Donc voilà, après ces trois heures, il s'est coupé, j'ai attendu en vain mais plus rien du tout, le chargeur n'émet aucun signe ( ni de diode verte ou orange ), j'ai retourné derrière l'ordinateur, et sur le signalement de la batterie, quand j'appuie sur le petit bouton, une seule diode verte clignote pendant 3 secondes au moins ! 

Alors je me pose les questions suivantes : est-ce un problème de batterie seulement ? ou alors c'est mort de chez mort car d'après ce que j'ai entendu le coca est un acide qui affecte les circuits, et qui donc les fait grillés ?
Est-ce vraiment foutu ? la garantie ne sert à rien dans ce cas ou non ?

Merci de m'aider.

Cordialement

vasteelsfr


----------



## pascalformac (16 Décembre 2008)

euh c'était *vendredi?*
et ce que tu ne dis pas c'est  si tu as pris immediatement (vendredi) les mesures usuelles 

 enlever la batterie démontage , nettoyages ( et ici de l'approfondi avec produits)
 sechage lent

il semble que non


----------



## Fab'Fab (16 Décembre 2008)

Il m'est arrivé la même chose il y a quelques années sur le clavier de mon G3 avec du Puligny-Montrachet. J'ai été bon pour changer de clavier.
Alors qu'avec de la sauce aux champignons de chez Picard sur le clavier de l'iMac Intel, ça fonctionne toujours.
Comme quoi, pour niquer son matos, vaut mieux y mettre le prix...


----------



## vasteelsfr (16 Décembre 2008)

pascalformac a dit:


> euh c'était *vendredi?*
> et ce que tu ne dis pas c'est si tu as pris immediatement (vendredi) les mesures usuelles
> 
> enlever la batterie démontage , nettoyages ( et ici de l'approfondi avec produits)
> ...


 
Vous allez me dire que je suis idiot, mais il y a un verrou derrière et il me semble qu'il faut une clé spéciale ou alors qu'un simple tournevis ?


----------



## vasteelsfr (16 Décembre 2008)

Fab'Fab a dit:


> Il m'est arrivé la même chose il y a quelques années sur le clavier de mon G3 avec du Puligny-Montrachet.

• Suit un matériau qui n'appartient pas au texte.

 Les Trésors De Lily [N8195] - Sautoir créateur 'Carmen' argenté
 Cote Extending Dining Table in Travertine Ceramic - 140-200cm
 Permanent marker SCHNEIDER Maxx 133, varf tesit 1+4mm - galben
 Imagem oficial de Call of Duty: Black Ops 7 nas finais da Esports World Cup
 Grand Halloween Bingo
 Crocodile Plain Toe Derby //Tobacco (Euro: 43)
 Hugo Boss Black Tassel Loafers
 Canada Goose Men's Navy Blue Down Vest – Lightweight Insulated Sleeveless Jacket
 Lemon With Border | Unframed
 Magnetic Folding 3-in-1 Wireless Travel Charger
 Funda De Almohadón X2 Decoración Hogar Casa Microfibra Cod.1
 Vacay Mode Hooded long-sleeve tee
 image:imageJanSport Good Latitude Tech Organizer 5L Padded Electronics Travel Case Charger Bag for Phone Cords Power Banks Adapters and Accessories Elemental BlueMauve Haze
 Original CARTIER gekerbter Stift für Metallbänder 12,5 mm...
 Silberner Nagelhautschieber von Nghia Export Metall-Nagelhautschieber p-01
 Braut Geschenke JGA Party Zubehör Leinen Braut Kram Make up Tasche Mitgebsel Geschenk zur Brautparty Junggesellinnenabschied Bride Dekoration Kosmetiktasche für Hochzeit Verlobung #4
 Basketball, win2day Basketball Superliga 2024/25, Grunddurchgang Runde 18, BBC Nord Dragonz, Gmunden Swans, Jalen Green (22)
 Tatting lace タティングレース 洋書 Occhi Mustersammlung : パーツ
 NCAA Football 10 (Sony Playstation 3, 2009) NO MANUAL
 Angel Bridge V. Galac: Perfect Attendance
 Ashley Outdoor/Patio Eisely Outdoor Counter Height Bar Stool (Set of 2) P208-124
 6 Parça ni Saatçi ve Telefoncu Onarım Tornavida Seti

J'ai été bon pour changer de clavier.
> Alors qu'avec de la sauce aux champignons de chez Picard sur le clavier de l'iMac Intel, ça fonctionne toujours.
> Comme quoi, pour niquer son matos, vaut mieux y mettre le prix...


 
Oui, mais j'ai l'impression que c'est bien le processeur qui a pris cher.


----------



## boodou (16 Décembre 2008)

c'est pas faute de le savoir, on le dit que le coca c'est pas bon bordel ! 

sinon je renvoie aux propos de pascalformac, dans un cas pareil _immédiatement_ éteindre, démonter, nettoyer, attendre que tout soit sec, remonter, et là seulement rallumer&#8230;

@Fab'Fab : il paraît qu'avec le Romanée-Conti ton Mac fonctionne mieux


----------



## Fab'Fab (16 Décembre 2008)

vasteelsfr a dit:


> Vous allez me dire que je suis idiot, mais il y a un verrou derrière et il me semble qu'il faut une clé spéciale ou alors qu'un simple tournevis ?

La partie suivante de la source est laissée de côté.